Half of His Pleasure Is Pleasing Her

The essentials of female orgasm.

Key points

  • Many men and women lack an understanding of the role of the clitoris in female orgasm or even where it’s located.
  • Even sexually knowledgeable men often see the use of vibrators during partnered sex as challenging to their masculinity.
  • If you want a truly satisfying sex life, you need to let go of cultural scripts about how sex is supposed to play out.

Our society has provided us with certain expectations for how the sexual act is supposed to play out. According to one common cultural script, the male takes an active role while the woman is passive. Not only is it his responsibility to initiate sex and to lead her in the acts they’ll perform, but it’s also up to him to make sure she gets an orgasm.

Past research shows that men feel greater masculinity and self-esteem when their partner orgasms during sex. Indeed, many men report that they enjoy sex much more when they see their partner is also enjoying herself. A good lover, according to this cultural script, always makes sure to please her before he pleases himself.

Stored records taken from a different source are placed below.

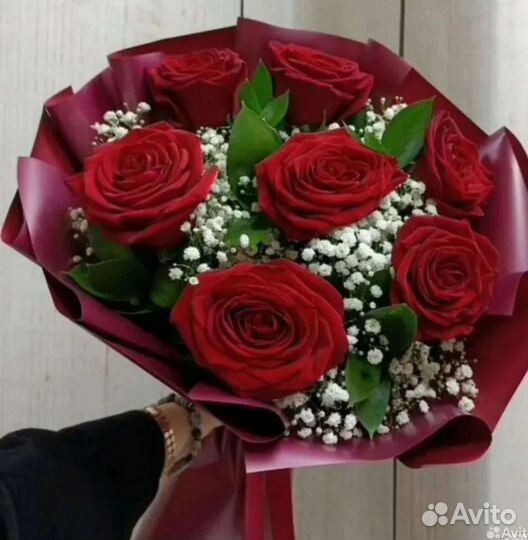 Букет из розы и Гипсофилы с рускусом Доставка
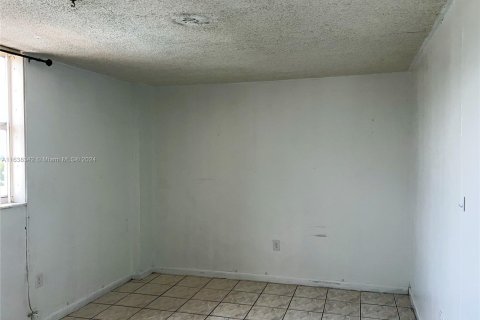 Copropriété à vendre à Hialeah, Floride: 3 chambres, 113.53 m2 № 1310084 - photo 15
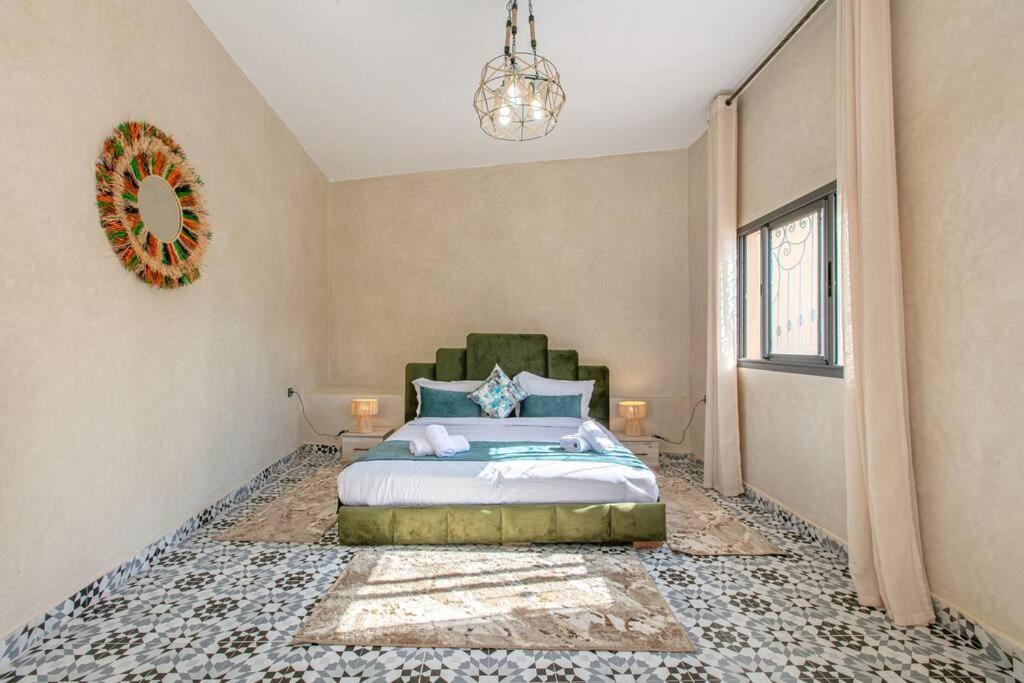 Leila,piscine , Grand Jardin, Jeux , Cuisiniere Marrakesch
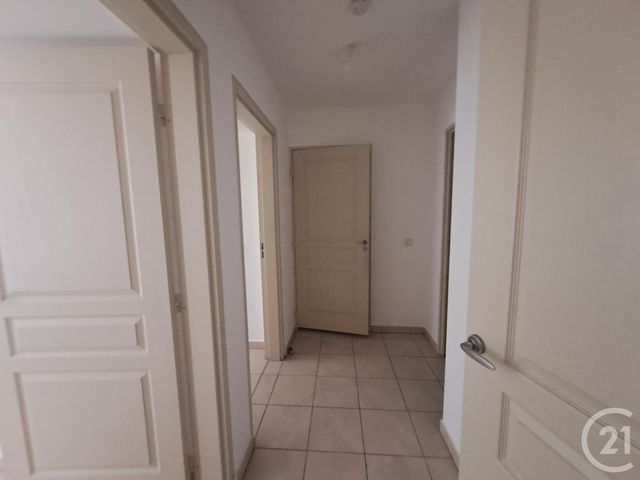 Appartement F3 &agrave; louer - 3 pi&egrave;ces - 63,90 m2 - St Denis - 974 - REUNION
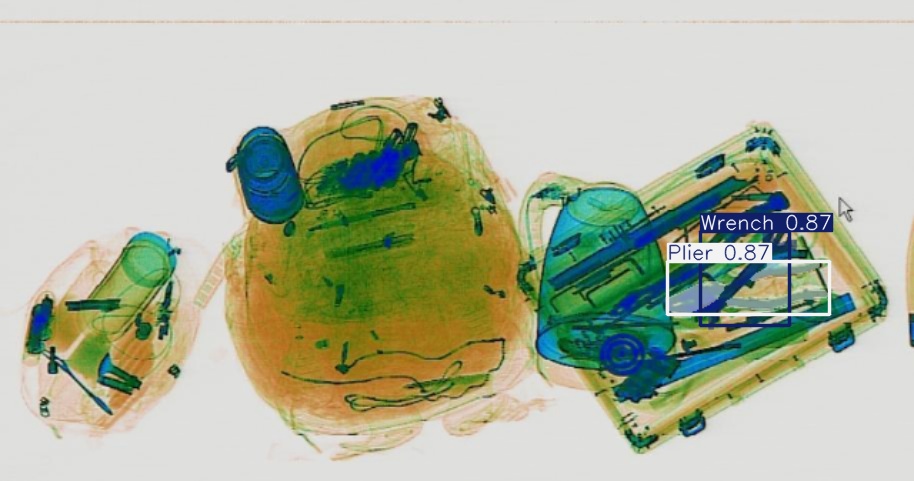 Detection preview by Segmentation_v8_large_300_train_300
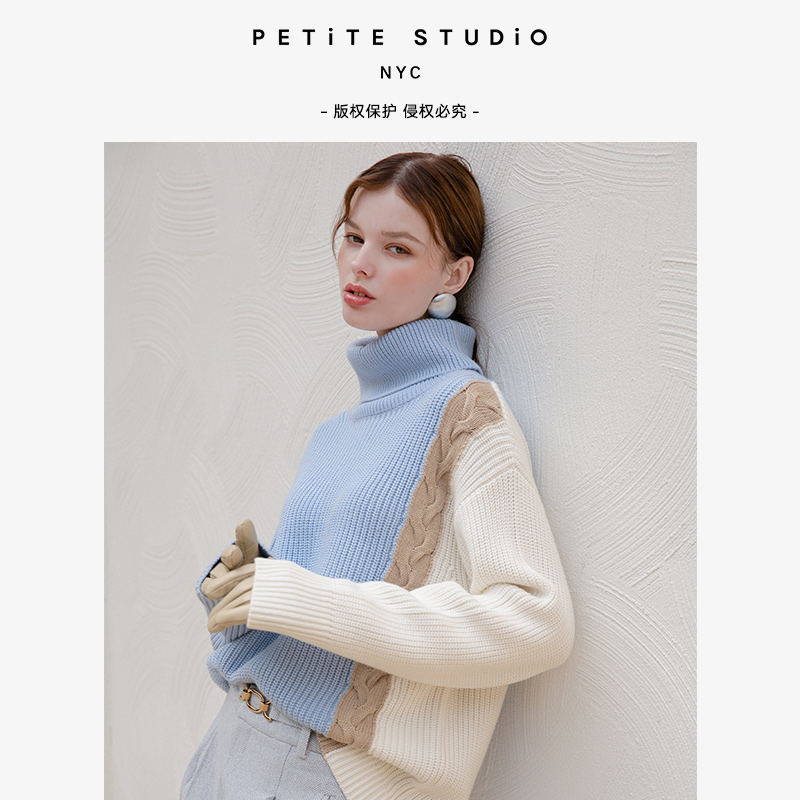 商品Petite Studio NYC | Hudson蓝白拼接慵懒复古高领羊毛毛衣 | Hudson Wool Sweater - Blue & Ivory,商家Petite Studio NYC,价格¥406图片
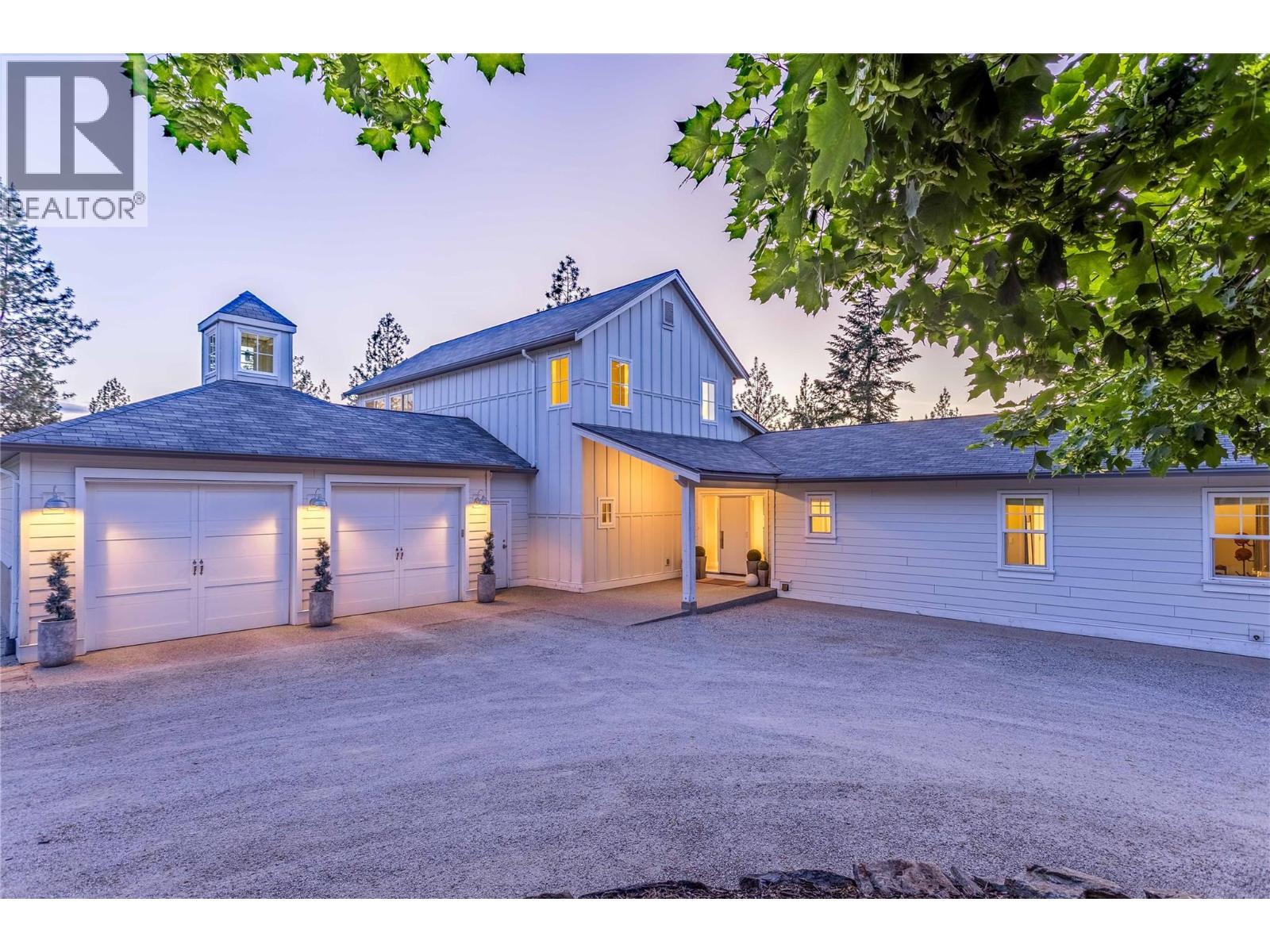 Modern Farmhouse living - 2376 Saucier Road, Kelowna, BC - Outdoor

And yet, other research shows that both men and women often lack knowledge about their own and their partner’s sexual anatomy as well as the techniques that are likely to bring a woman to orgasm.

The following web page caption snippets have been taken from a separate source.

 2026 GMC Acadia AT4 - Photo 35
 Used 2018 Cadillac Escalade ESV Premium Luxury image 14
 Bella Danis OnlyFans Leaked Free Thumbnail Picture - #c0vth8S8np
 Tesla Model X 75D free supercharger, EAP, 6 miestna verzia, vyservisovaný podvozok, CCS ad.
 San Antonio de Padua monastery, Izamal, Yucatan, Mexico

For instance, many couples believe that a woman should be able to reach orgasm during penetrative sex, even though studies have found that fewer than one in five women are able to do so. It’s little wonder then that many women fake orgasms in an effort to please their partners.

The Importance of Clitoral Stimulation

In fact, most women report that they need substantial stimulation of the clitoris to reach orgasm. Many men understand this fact and pay special attention to it, especially during foreplay. Yet, there are still quite a few men and women who don’t understand the importance of stimulating the clitoris or even know where it’s located.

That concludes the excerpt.